The trade wind weather pattern generates ocean currents with a westerly set that impact coral islands. Similar ocean currents, known as the equatorial counter currents, set in an opposite direction in the doldrums. Current velocities of one to two knots have been reported in both trade wind and doldrum areas. Both trade wind driven and equatorial counter currents tend to wrap around the island and atolls and converge on the leeward side of the land masses, often with an increase in drift. (Set is the direction in which a current flows and is the opposite to wind direction, that is, an easterly wind blows from the east while a current with a westerly set flows toward the west. Drift is the rate of flow.)
When reef areas have navigable passes or channels, they will usually be on the leeward side of the island or atoll. There are exceptions in volcanic islands and in several of the very large atoll reef systems.
In addition to ocean currents in nearly all the Pacific coral islands, local tidal currents can affect dive planning and safety. The mean range of tides is relatively low. For example, the mean range of tide at Johnston Atoll is two to three feet. Tidal currents are relatively weak. Ebbing tidal currents are usually the strongest.
A combination of ocean currents and wind driven waves causes ocean swells and breakers to pile over the eastern end of the barrier reef into the windward side of the lagoon. This will cause an increase in tidal range and in the speed of currents flowing through channels on the leeside of the atolls. Tide tables and tidal current tables will be helpful in dive planning but will not be completely accurate under those conditions.
Usually the best and safest diving is inside the reef systems; whether fringing, barrier or atoll. Diving in passes and along the open sea sides of reefs must be carefully planned and adequate support and flotation equipment made available. If properly planned and adequately supported, a drift or float dive with the sometimes swift current in a channel can be an exciting experience. Seaward of the passes, particularly on the leeward side of coral formations, diving the walls can also lead to an inspiring dive bonus.
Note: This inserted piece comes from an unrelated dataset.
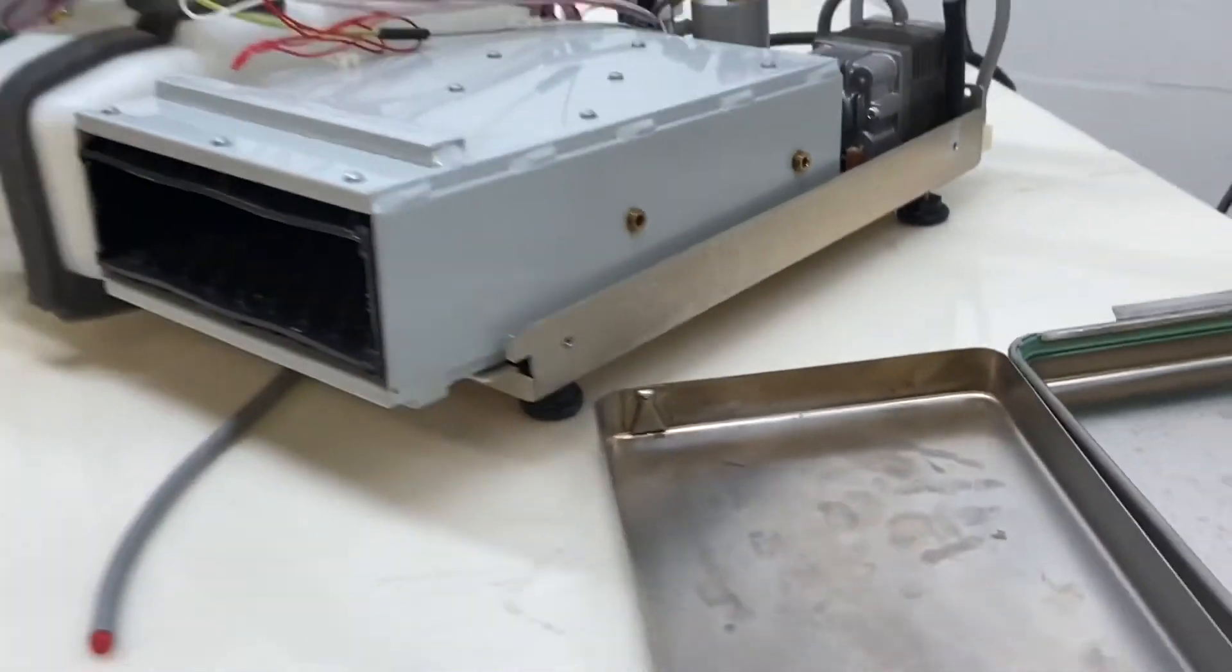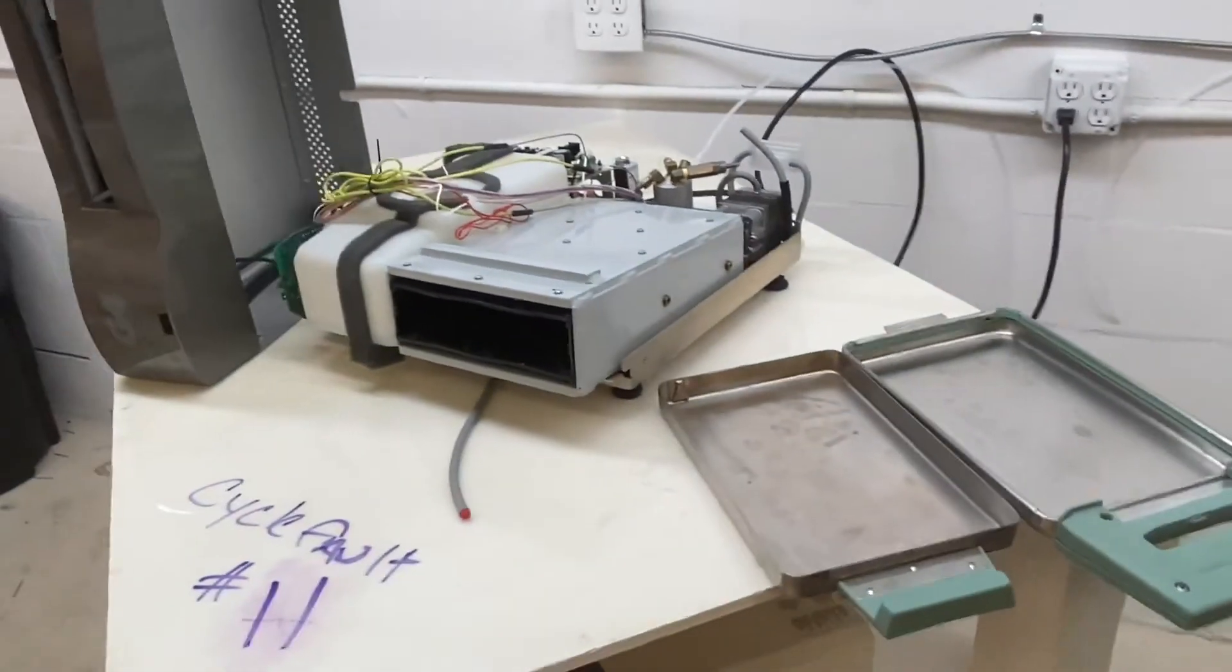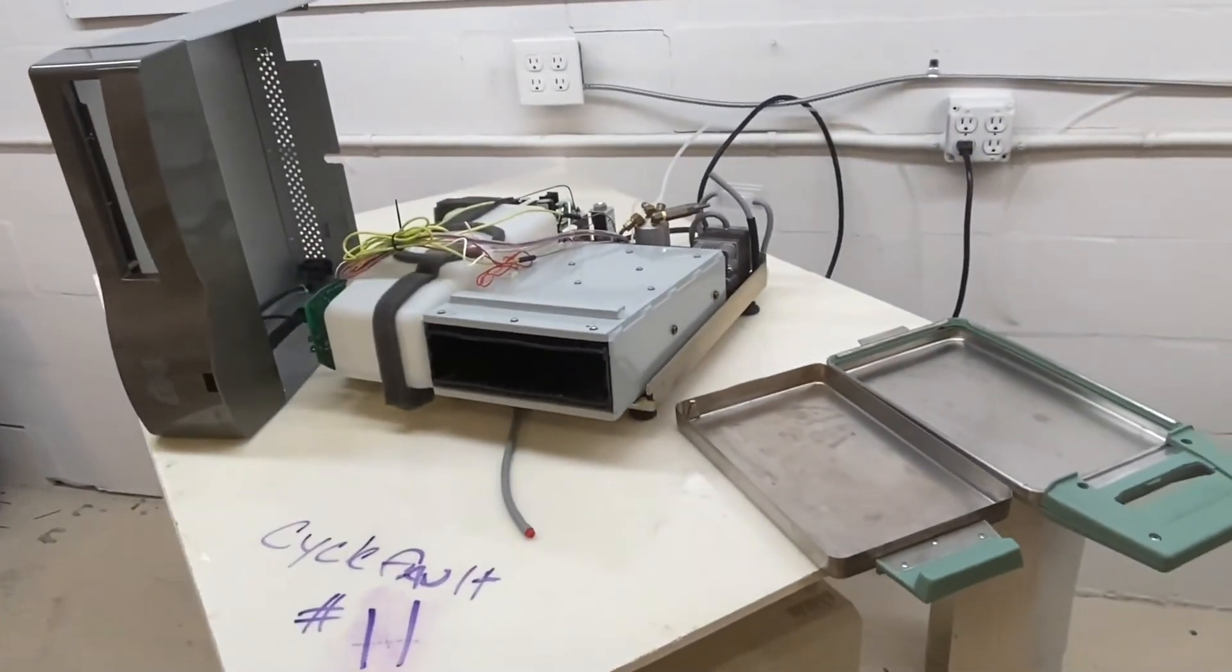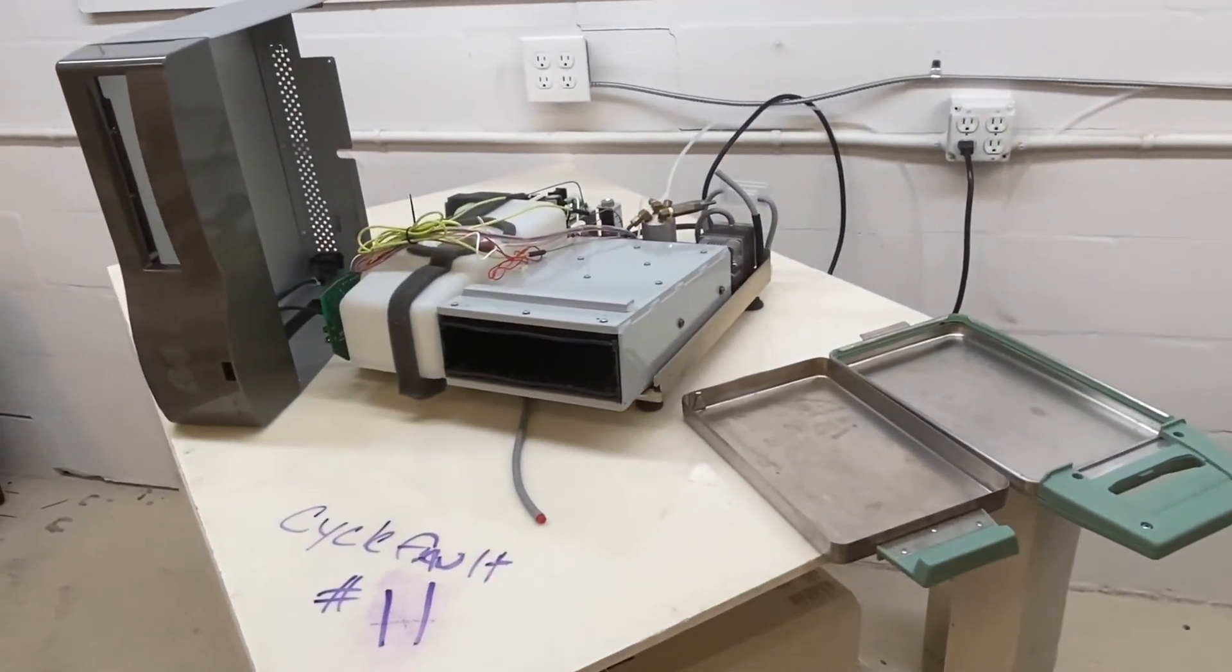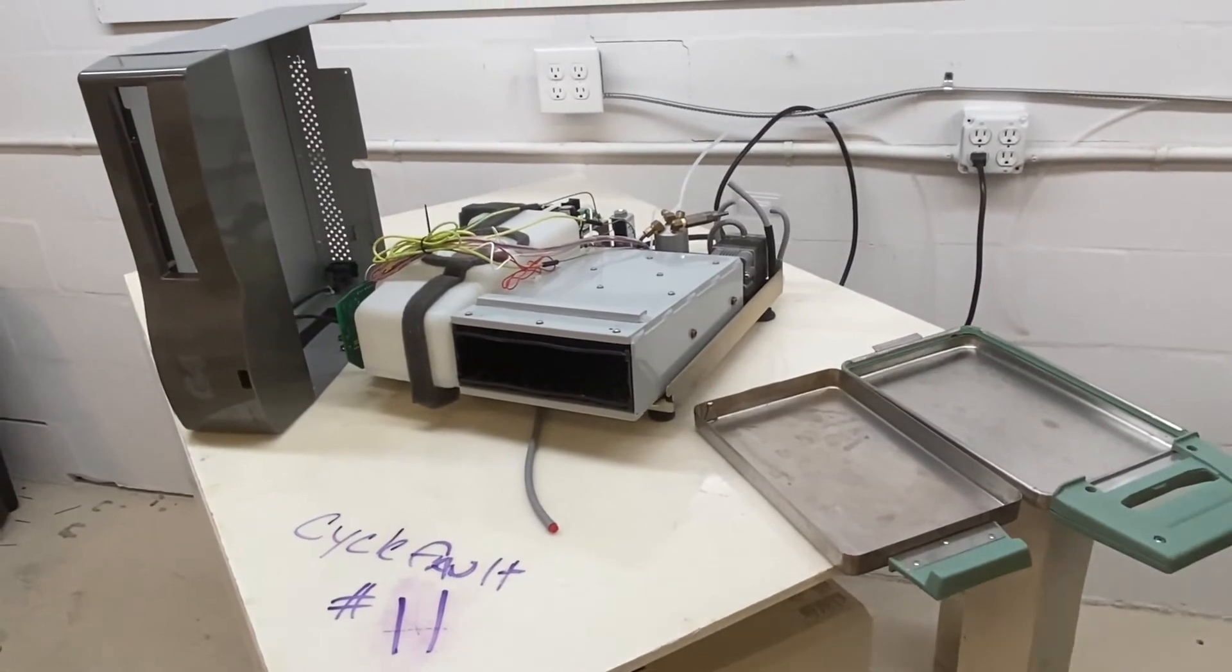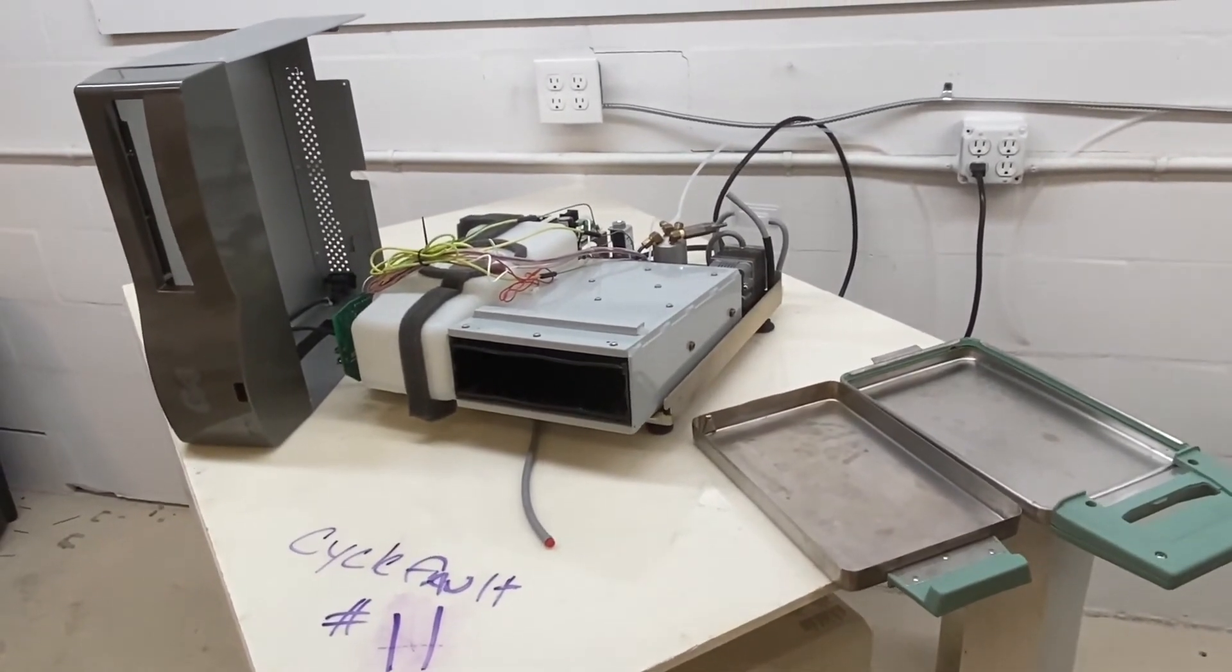Give us a call, 704-966-1650. Cycle fault number 11. Over and out.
High water within coral formations owing to strong, steady prevailing winds usually does not generate strong currents within a lagoon. However, the strong flow of water out of the lagoon in some of the leeward passes can be potentially hazardous. In almost all cases, just seaward of the water flowing out of a coral formation, this enhanced tidal current tends to swing south (in the northern hemisphere) and combines with the wind driven ocean current to develop a drift that could be hazardous to an improperly planned or poorly supported dive. Diving in the passes or outside any reef system should be attempted only when adequate, well maintained and operated, powered flotation systems are available.